Jhumpa Lahiri (© Gerardo Gazia/Sintesi/Alamy Stock Photo)

Why do we leave where we come from? The question is central to writers of diasporic fiction, a diverse coterie within which Jhumpa Lahiri tends to be grouped. But with Whereabouts, her third and latest novel, Lahiri resists this potentially reductive characterization by eschewing all but the most general markers of her protagonist’s identity. Made up of forty-six vaguely titled vignettes, one for each year of its nameless narrator’s existence, the novel follows the meanderings of a literature professor living in a nameless Italian city. “On the Street,” “In the Piazza,” “In my Head”—these are the vague coordinates of her whereabouts, both spatial and psychic, as she approaches a crossroads in her life. 

The vignettes in Whereabouts are self-contained, but when read sequentially paint a complicated portrait of a woman burdened by the fixedness of the city where she has lived since her youth. Her connection to this place is challenged by her perception of the “unraveling of time”: most of her friends have families, her mother is aging, and the city is changing, leaving the narrator to wonder where exactly her life is headed. In this way, the novel is cloaked in a certain melancholy. The entries sometimes read like litanies of lost opportunity, as the protagonist mourns once-possible futures, dwells on trajectories her life might have taken.
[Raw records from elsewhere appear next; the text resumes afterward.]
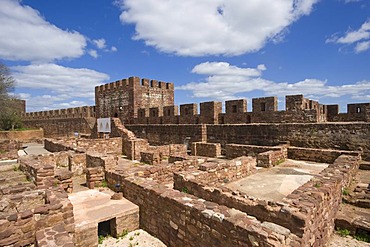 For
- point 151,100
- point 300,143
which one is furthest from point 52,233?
point 151,100

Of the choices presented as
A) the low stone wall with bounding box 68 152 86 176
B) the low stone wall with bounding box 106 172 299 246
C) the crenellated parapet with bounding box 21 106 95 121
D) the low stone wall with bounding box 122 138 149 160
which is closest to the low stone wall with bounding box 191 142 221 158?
the low stone wall with bounding box 122 138 149 160

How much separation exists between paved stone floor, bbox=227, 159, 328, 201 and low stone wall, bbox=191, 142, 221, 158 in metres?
3.45

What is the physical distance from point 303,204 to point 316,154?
560 centimetres

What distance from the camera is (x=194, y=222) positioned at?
3.61 metres

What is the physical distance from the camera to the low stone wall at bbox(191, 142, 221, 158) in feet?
35.0

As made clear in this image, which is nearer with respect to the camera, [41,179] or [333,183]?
[333,183]

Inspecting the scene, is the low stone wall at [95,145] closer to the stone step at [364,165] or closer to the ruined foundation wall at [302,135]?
the ruined foundation wall at [302,135]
She ruminates over chance run-ins with a man she “might have been involved with, maybe shared a life with,” and silently envies the vivacious teenage daughter of a friend, whose escapades fill her with regret at her own “squandered youth, the absence of rebellion.” 

“In spring I suffer,” one entry begins. “The season doesn’t invigorate me, I find it depleting.” Sharply perceptive, jaded but not bitter, Lahiri’s narrator is not the type for decorum, and at times she appears neurotic. “Afflicted by the green of the trees, the first peaches in the market,” she recounts feelings “of loss, of betrayal, of disappointment.” But it’s not all bleakness. She revels in happy memories too, and conveys small joys with elegant intimacy, such as basking on “the balcony off my apartment when the sun is shining and I’m having breakfast,” or how much she likes “to sit outside, pick up a warm pen...and write down a sentence or two.”

“Whereabouts” paints a complicated portrait of a woman burdened by the fixedness of the city where she has lived since her youth.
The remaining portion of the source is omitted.